Cabaret, teatro de Londres
Al final, ya en la barra del club, Sally parece conocer a todo el mundo, a todos tutea y llama guapos y cariño. Isherwood no actúa, él es mero, distante espectador:
"Para una demi-mondaine parecía tener escaso tacto y sentido del negocio: perdió un largo rato insinuándose a un señor de edad que claramente habría preferido charlar con el barman".
Isherwood es comentarista fino de situaciones, tanto percatándose de la orientación sexual de los sujetos, como aludiendo literariamente a ella. Comparte esta gracia con Proust. El aspecto de Sally le gusta por su comicidad, porque no se la toma en serio.
"Era realmente bonita, con su cabeza pequeña y morena, con sus ojos grandes, con la nariz finamente arqueada, y tan absurdamente consciente de su atractivo, reclinada allí, tan complacidamente femenina como una tórtola... -- Chris, cerdo, dime de qué te ríes. -- No tengo la memor idea."

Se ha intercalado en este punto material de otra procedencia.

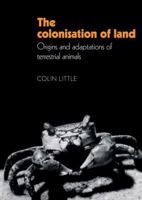 The Colonisation of Land: Origins and Adaptations of Terrestrial Animals 0521106834 Book Cover
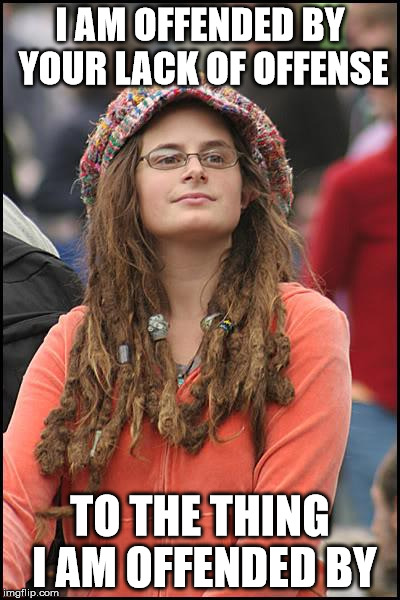 College Liberal Meme | I AM OFFENDED BY YOUR LACK OF OFFENSE; TO THE THING I AM OFFENDED BY | image tagged in memes,college liberal | made w/ Imgflip meme maker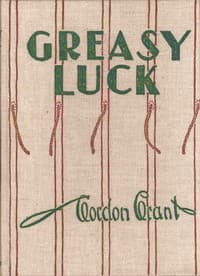 Greasy luck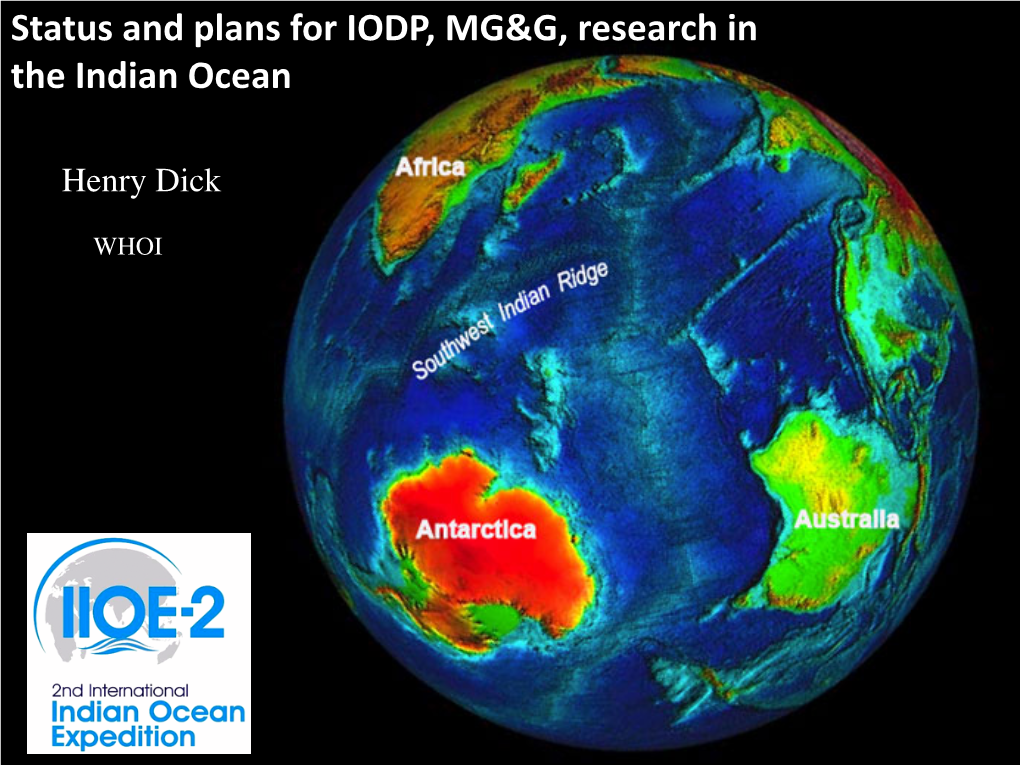 Dick IIOE-2 MG&G & IODP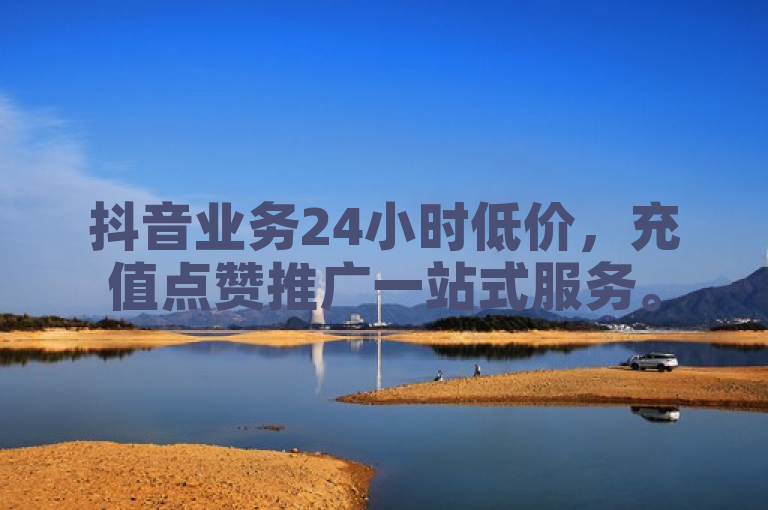 抖音业务24小时低价，充值点赞推广一站式服务。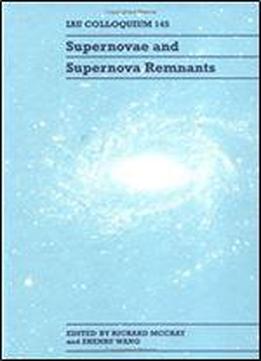 Supernovae And Supernova Remnants: Iau Colloquium 145 (i A U Colloquium//proceedings)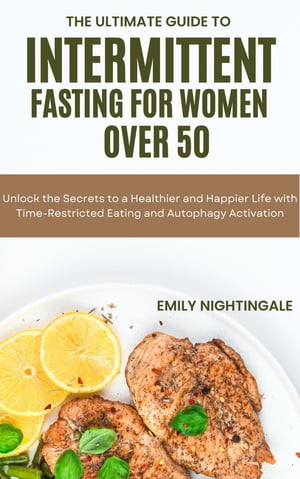 The Ultimate Guide To Intermittent Fasting For Women Over 50: Unlock the Secrets to a Healthier and Happier Life with Time-Restricted Eating and Autophagy Activation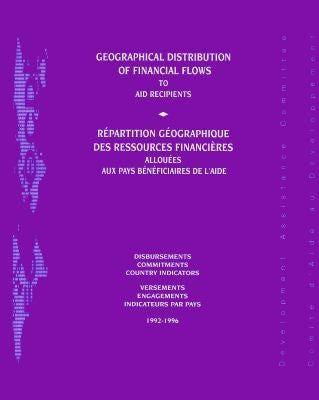 Geographical distribution of financial flows to aid recipients : disbursements, commitments, country indicators. Répartition géographique des ressources financières allouées aux pays bénéficiaires de l'aide : versements, engagements, indicateurs par pa... Social Sciences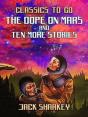 Dope On Mars And Ten More Stories - Preview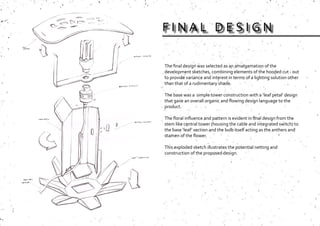 The final design was selected as an amalgamation of the
development sketches, combining elements of the hooded cut - out
to provide variance and interest in terms of a lighting solution other
than that of a rudimentary shade.
The base was a simple tower construction with a ‘leaf petal’ design
that gave an overall organic and flowing design language to the
product.
The floral influence and pattern is evident in final design from the
stem like central tower (housing the cable and integrated switch) to
the base ‘leaf’ section and the bulb itself acting as the anthers and
stamen of the flower.
This exploded sketch illustrates the potential netting and
construction of the proposed design.
F I N A L D E S I G N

Obviamente, la respuesta de Isherwood es evasiva, o incluso falsa. Las uñas verdes de Sally parecen concentrar y focalizar su inquina, el otro lado del afecto, la repulsión que siente ante semejante femineidad animal, elemental...
"Las uñas verdes parecía que no fuesen suyas, sino que estuvieran allí de casualidad, igual que un enjambre de escarabajos, feos, duros, brillantes."
Mujer de cabaret, cuadro de Olivia Caballero González
Sally ofende a Christopher cuando desprecia un artículo suyo que ella misma le había solicitado para una revista. No le gusta y decide pedírselo a otra persona. El autor narra su enfado: "Es una completa zorra, pensé", y reflexiona preguntándose si se habría equivocado pensando que ella le guardaba consideración y afecto.
"En aquel momento me habría gustado verla dar de latigazos. La verdad es que estaba tan trastornado que acabé por preguntarme si, a mi manera, no habría estado enamorado de Sally durante todo aquel tiempo."
Viene aquí a pelo una frase de Kierkegaard que recoge en un tuit Nicolás G. Valera: "El Odio es una forma de Amor fallido". Pero Isherwood reconoce que no era amor frustrado lo que motivaba en aquel momento su rabia, sino su vanidad herida al haber ella puesto en solfa su competencia y calidad literaria. No obstante,
"No es que me importase en absoluto su opinión sobre mi artículo [¡están verdes!] --un poco sí, pero muy poco--, mis pretensiones literarias estaban por encima de todo lo que ella pudiera decir... ¡Ese temible instinto de las mujeres para calar por bajo de la comedia masculina!"
Las mujeres, el enemigo simbólico. Sin embargo, acaba por reconocer que ella le había revelado su verdadero ser como un "boceras" (un "fantasma", decimos también) con su flamante "socialismo de salón"... Se había mostrado incompetente y celoso y ahora sentía, además de rabia, vergüenza.
Más adelante de este episodio, Christopher se vengó, un tanto involuntariamente (o "sin querer queriendo"), mandándole a un tipo sospechoso, que se reveló timador y se aprovechó y estafó a Sally, mancillando, por decirlo así, su doncellez anímica, su "buenismo". Sorprendentemente, ella no le guardó ningún rencor por ello, al menos en la novela.
***
En 1933, Christopher Isherwook abandonó Berlín huyendo del nazismo. En 1939 viajó a USA, se estableció en Hollywood, donde se asoció al misticismo hindú y devino editor y traductor del Bhagavad-gita. Por Huxley conoció a Stravinsky y por casualidad a Ray Bradbury, regalándole a este una excelente y elogiosa crítica de sus Crónicas marcianas. Tradujo también a Baudelaire y a los 48 se lió con un pintor de 18. Se dice que su mejor trabajo es A single Man (1964). Murió en Los Ángeles, ciudadano usamericano.